4. All enterprise, constantly and demonstrably profitable on ascertained conditions, should be made public enterprise, under Government administration and security; and the funds now innocently contributed, and too often far from innocently absorbed, in vain speculation, as noted in your correspondent "Fair Play's" excellent letter,[77] ought to be received by Government, employed by it, not in casting guns, but in growing corn and feeding cattle, and the largest possible legitimate interest returned without risk to these small and variously occupied capitalists who cannot look after their own money. We should need another kind of Government to do this for us, it is true; also it is true that we can get it, if we choose; but we must recognize the duties of governors before we can elect the men fit to perform them.
The benefit of these several modes of right investment of capital would be quickly felt by the nation, not in the increase of isolated or nominal wealth, but in steady lowering of the prices of all the necessaries and innocent luxuries of life, and in the disciplined, orderly, and in that degree educational employment of every able-bodied person. For, Sir (again with your pardon), my question "Is England big enough?" was not answered by the sad experience of the artisans of Poplar. Had they been employed in earth-building instead of in shipbuilding, and heaped the Isle of Dogs itself into half as much space of good land, capable of growing corn instead of mosquitoes, they would actually have made habitable England a little bigger by this time;[78] and if the first principle of economy in employment were understood among us—namely, always to use whatever vital power of breath and muscle you have got in the country before you use the artificial power of steam and iron for what living arms can do, and never plough by steam while you forward your ploughmen to Quebec—those old familiar faces need not yet have looked their last at each other from the deck of the St.

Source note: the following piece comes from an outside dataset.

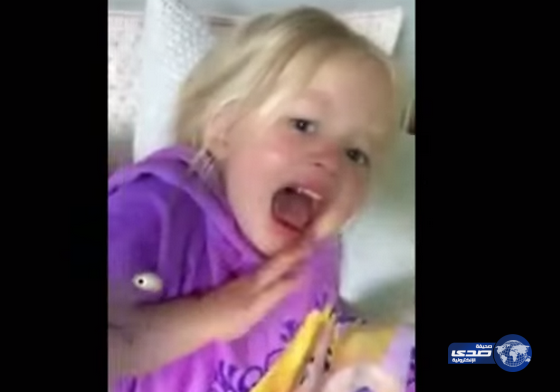 بالفيديو: أم ترعب طفلتها على سناب شات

Lawrence. But on this subject I will ask your permission to write you in a few days some further words.[79]
I am, Sir, your faithful servant,
J. Ruskin.
Denmark Hill, Aug. 9.
FOOTNOTES:
[74] The Daily Telegraph of Saturday, August 8, contained an article on the "Increased Railway Fares," in which, commenting on Mr. Ruskin's statement that, given the law of political economy, the railways might ask as much as they could get, it is said that Mr. Ruskin mistook "the charge against the companies. While they neglected the 'law of supply and demand,' they suffered: now that they obey that law, they prosper." The latter part of the article dealt with a long letter signed "Fair Play," which was printed in the Daily Telegraph of the same day. "To Mr. Ruskin, who laughs at Political Economy," concluded the article; "and to 'Fair Play,' who thinks that Parliament is at the bottom of all the mischief, we commend a significant fact. An agitation is now on foot in Brighton to have a second railway direct to London. What is the cause of this? Not the Legislature, but the conduct of the Brighton company in raising its fares. That board, by acting in the spirit of a monopoly, has provoked retaliation, and the public now seeks to protect itself by the aid of a competing line."
The letter of the correspondent "S." (also in the Daily Telegraph of August 8) began by asking "what the capitalist is to do with his money, if the Government works the railways on the principle of the Post Office."